Result: PED = −0.90 (inelastic)

%ΔQ = (800 − 1000) / 900 × 100 = −22.2%. %ΔP = (25 − 20) / 22.5 × 100 = +22.2%. PED = −22.2% / 22.2% = −1.0. With |PED| = 1.0 (approximately unit elastic), revenue stays roughly constant. At $20 × 1,000 = $20,000 vs $25 × 800 = $20,000. The price increase is neutral for revenue but profitable if margins matter.

Tips & Best Practices

  • PED is always negative (price up → demand down), but often reported as absolute value.
  • Necessities (gas, medicine) tend to be inelastic; luxuries tend to be elastic.
  • Products with many substitutes are more elastic.
  • Short-term elasticity differs from long-term — customers adjust behavior over time.
  • If |PED| > 1, lower the price to increase revenue. If < 1, raise the price.
  • Collect real sales data at multiple price points for accurate elasticity estimation.
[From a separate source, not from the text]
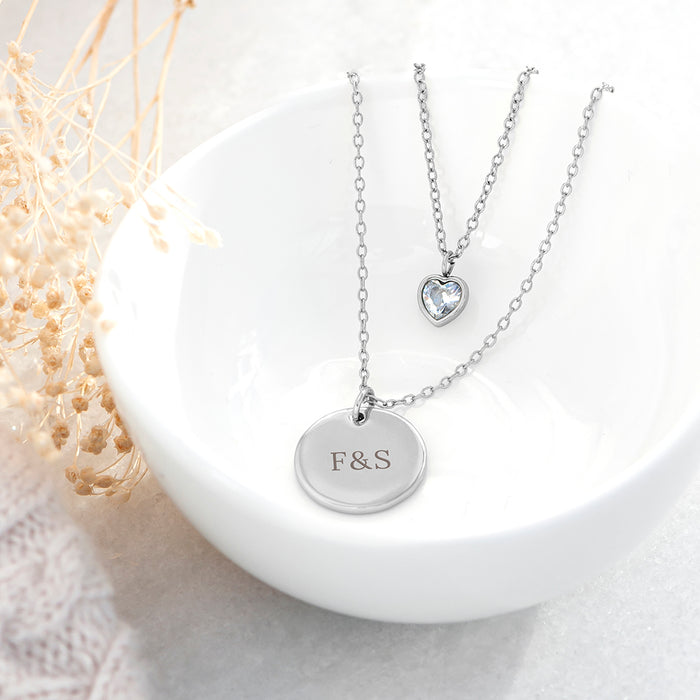 Personalised Layered Crystal Heart and Disc Necklace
Interpreting the Elasticity Coefficient

The magnitude of PED tells you the degree of sensitivity. |PED| between 0 and 0.5 is highly inelastic (gasoline, insulin). 0.5 to 1.0 is moderately inelastic (utilities, basic food). 1.0 to 2.0 is moderately elastic (restaurants, entertainment). Above 2.0 is highly elastic (specific brand of commodity). Each range implies a different pricing strategy.

From Elasticity to Pricing Action

For inelastic products, raise prices incrementally and reinvest the extra margin into product improvement or marketing. For elastic products, compete on value — lower prices to capture volume, or differentiate to shift the demand curve and make it more inelastic.

Sources & Methodology

Last updated:

Frequently Asked Questions

  • Elastic demand (|PED| > 1) means customers are price-sensitive — small price increases cause large demand drops. Inelastic demand (|PED| < 1) means customers are relatively insensitive to price. Revenue increases with price hikes when demand is inelastic.